The plot from the Scholastic Literature Guide reads, "At age 10 Billy Colman decides he must have two hound dogs. It takes him two years to save the money, but he finally has enough to order the dogs. He names his pups Little Ann and Old Dan. From then on, Billy and his dogs spend most nights hunting raccoons along the river bottom in the foothills of the Ozarks where he lives. As Billy becomes prouder and more attached to his dogs, it becomes clear that they are a unique team. Old Dan is a bold fighter and Little Ann is as smart as they come. The dogs are intensely loyal to one another and to Billy. The story is packed with hair-raising hunting adventures and glorious moments of triumph. By the time Billy’s grandpa enters the dogs in a championship coon hunt, they are known all over the county. Billy and his dogs win the contest but not long afterward, they encounter a mountain lion while hunting. In killing the lion Old Dan becomes fatally injured. Little Ann dies soon after from grief, and Billy buries them both in a lovely spot on top of a hill."
How did it come about? Jim Trelease in Trelease on Reading puts it a funny way: "Not all stories are published as soon as they are written and some take longer to write than others. Robert McCloskey spent a full year writing the 1,142 words in Make Way for Ducklings. E.B. White thought about and revised Stuart Little for nearly 15 years. But Where the Red Fern Grows, by Wilson Rawls, is the only children’s book I know that was completely burned before publication because of embarrassment by its author–after he’d spent nearly 20 years writing it!" Much of the book was based on Rawls’ own childhood in the appropriately named Scraper, Oklahoma. He spent much of his life writing, but before he married his wife he burned all his manuscripts up. She asked him to rewrite one of them, so in three weeks he wrote (or rewrote, depending on how you look at it) Where the Red Fern Grows. It was sold to the Saturday Evening Post, did poorly because they thought it was for adults, and then in the late 60s teachers and kids got ahold of it and made it a huge hit.
There’s a rather funny "Review of Where the Red Fern Grows" by Robert Wilfred Franson at Troynovant that makes some interesting points about the book that I’d not known before. For example, the sisters are never mentioned by name, which is a bit odd. And then there’s this note: "There are other intriguing moral lessons in Where the Red Fern Grows. For instance, during a challenge to find a particularly wily raccoon, a local young bully-boy and his bully-hound come to fatal ends while crossing our hero and his dogs. But nobody worries much about accidental deaths; the bully’s own family is no more excited than they’d be to see a coon fall out of a tree. So that’s all right."
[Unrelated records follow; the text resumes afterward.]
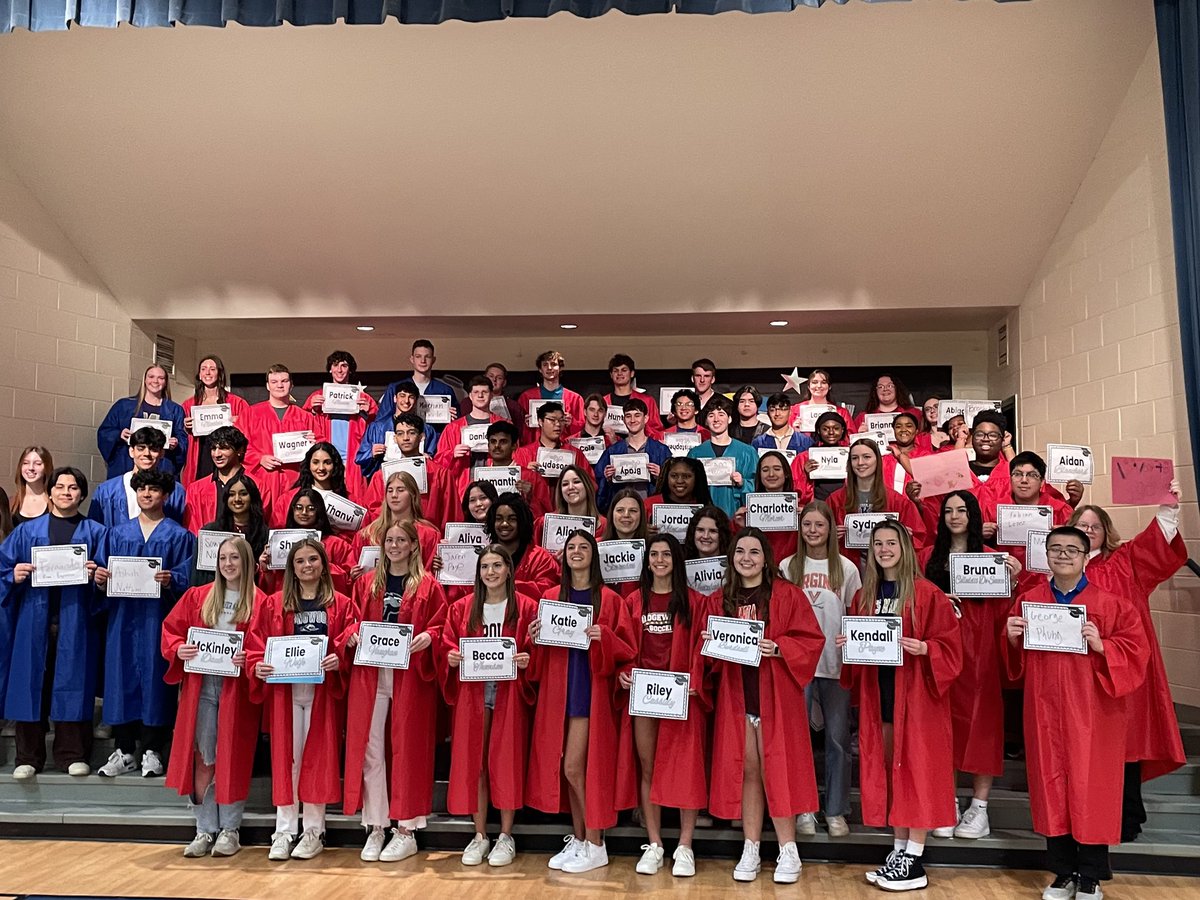 Our 3rd Annual Senior Walk had a fabulous turnout! We are so proud of the Class of 2024, and we wish them the very best.🐝🙌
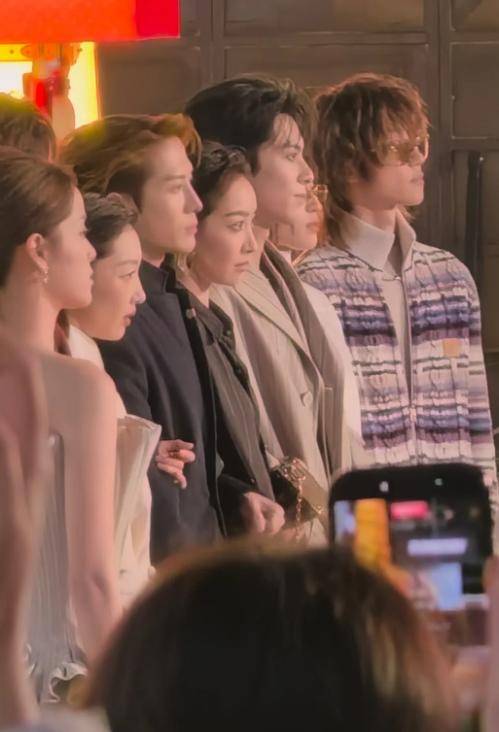 钟楚曦穿露背装却被压轴的巩俐惊艳开元棋牌北京这天周冬雨没胸硬捂(图22)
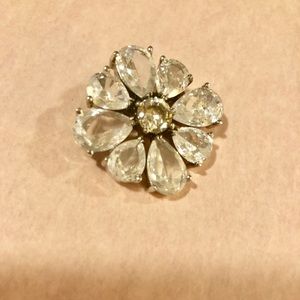 Small crystal brooch/pin - excellent condition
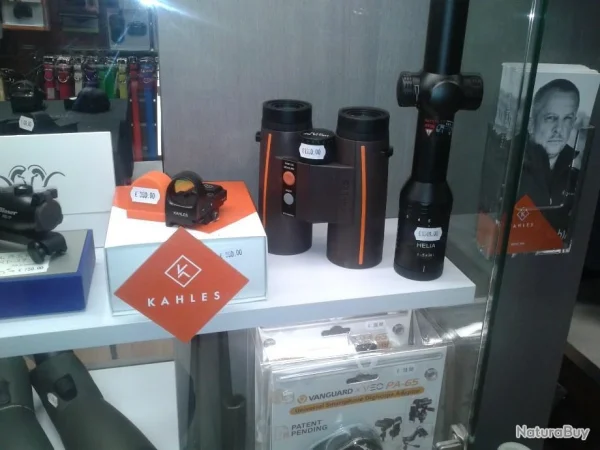KAHLES HELIA RF 10X42 magasin 1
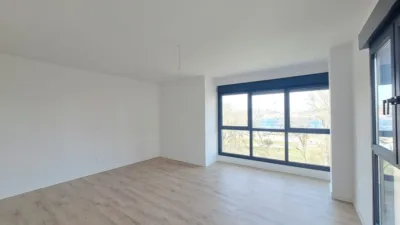 Apartment on Plaza Maria Lejarraga photo 34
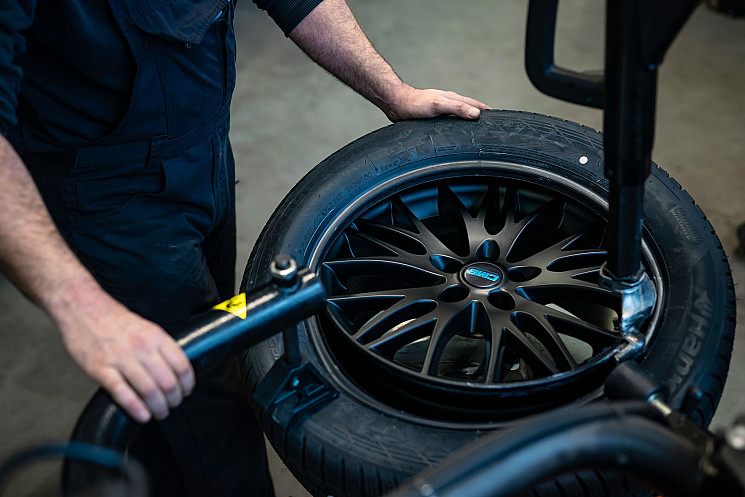 Carteam Garagebedrijf Van Den Bergh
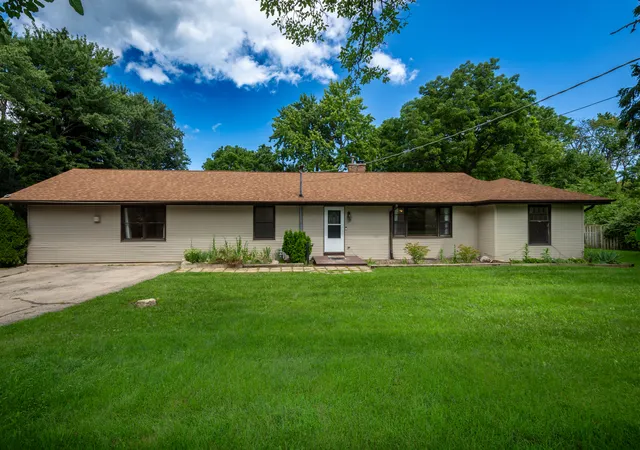 Photo 2 of Single family home for sale at 35861 N Fuller Rd, Gurnee, IL 60031 | MLS# 12738658 | Listing updated on 2026-09-03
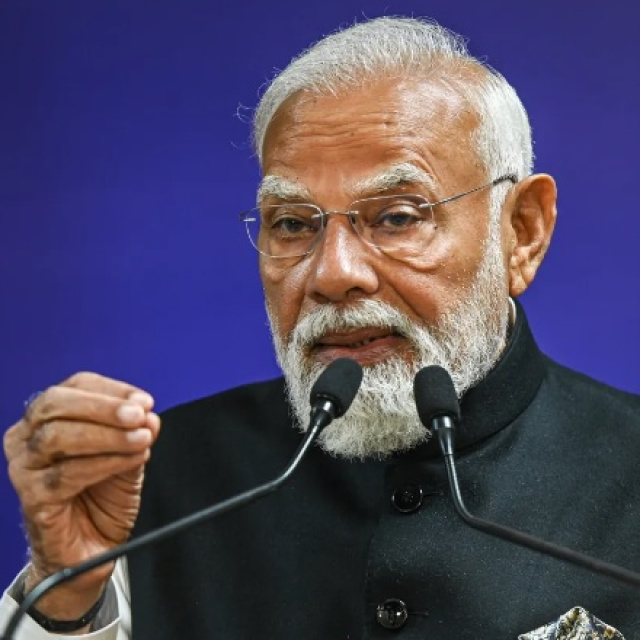 Modi’den ‘altın almayın’ çağrısı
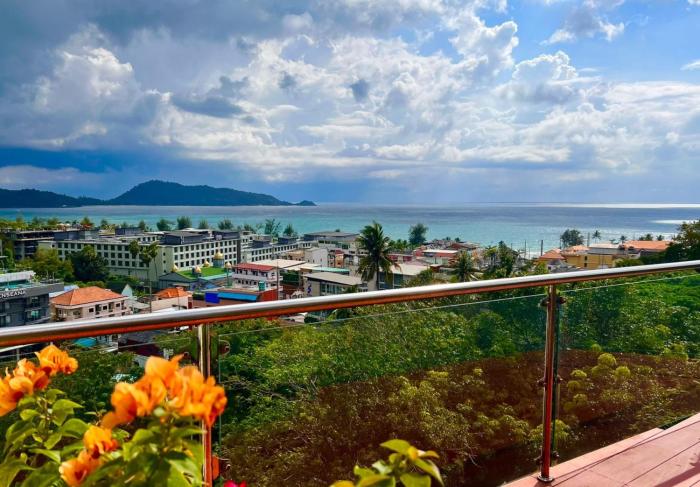 Andaman Hills - panoramic sea view house with maid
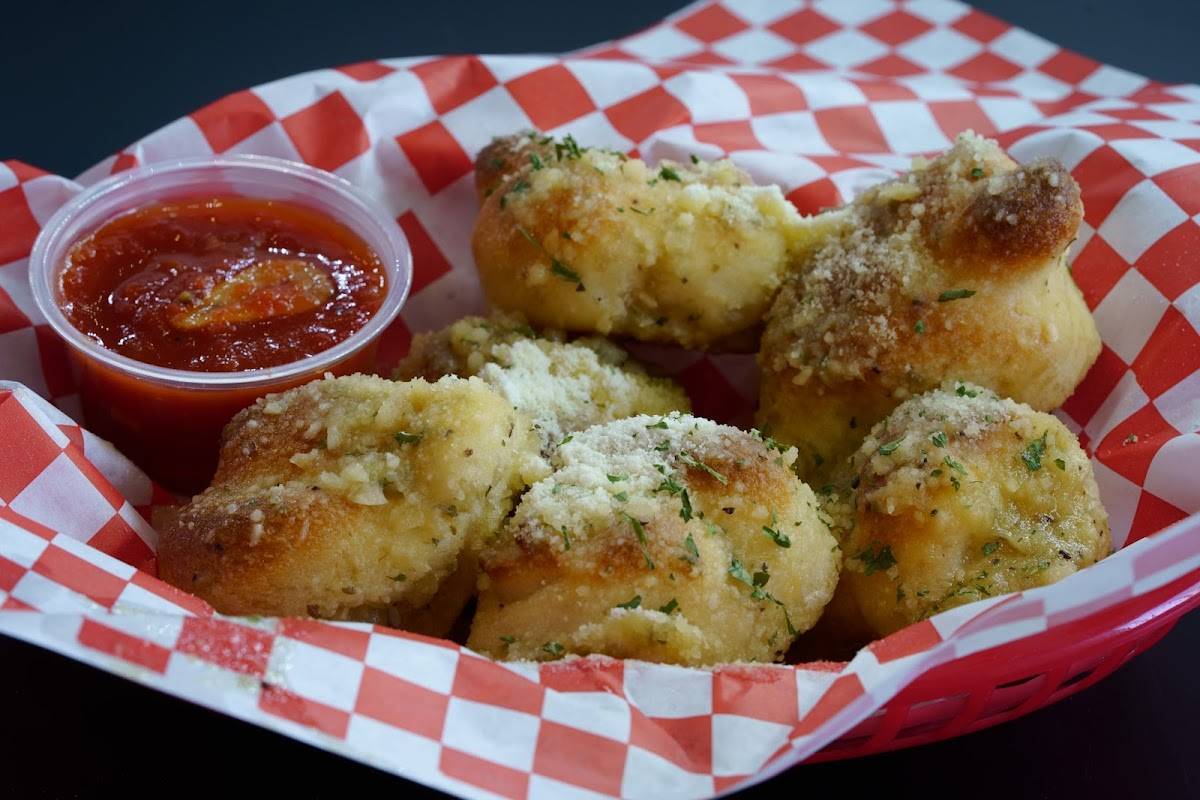 Varilla Pizza and Pasta restaurant in Los Angeles - photo 6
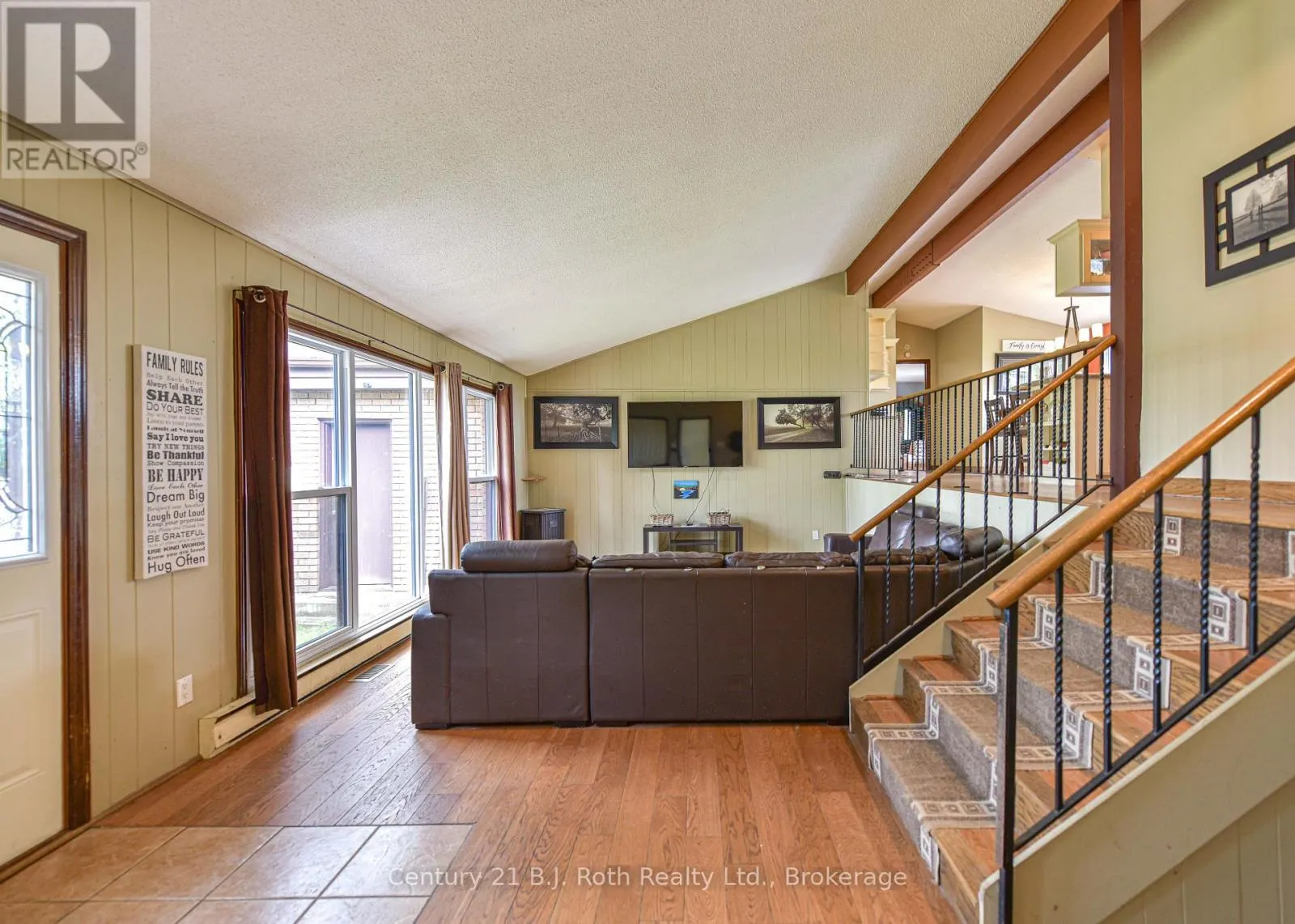 1535 15/16 SIDE ROAD E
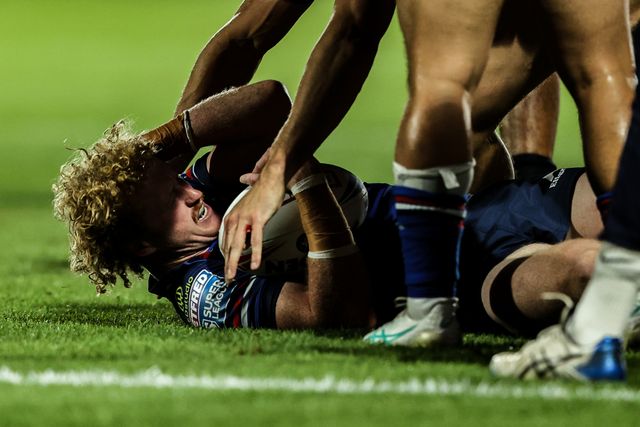Lachlan Walmsley of Wakefield Trinity reacts after a heavy tackle during the Betfred Super League Play-off Eliminator round match Wakefield Trinity vs Leigh Leopards at DIY Kitchens Stadium, Wakefield, United Kingdom on 18 September 2026

(Photo by Alfie Cosgrove/News Images)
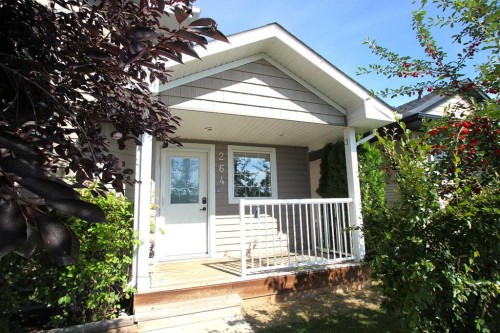 264 Vanson Close, Red Deer, AB - Outdoor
For years I’ve collected information about statues of famous children’s literary characters. I had no idea until I started researching this book, however, that there is a statue of Billy and his dogs at the Idaho Falls Public Library. Amazing.
The covers tend to like to place the boy and his dogs in the thick of the night.
There are at least two filmed versions of the book. The first was from 1974. You can see a bit of it here.
Re: The song that plays at the beginning of that clip…. oh, 1974. Never change.
I guess I always thought that Dave Matthews made his film debut in Because of Winn-Dixie. Nope. It was in the 2003 version of Where the Red Fern Grows, I guess. The man has a thing for dog movies.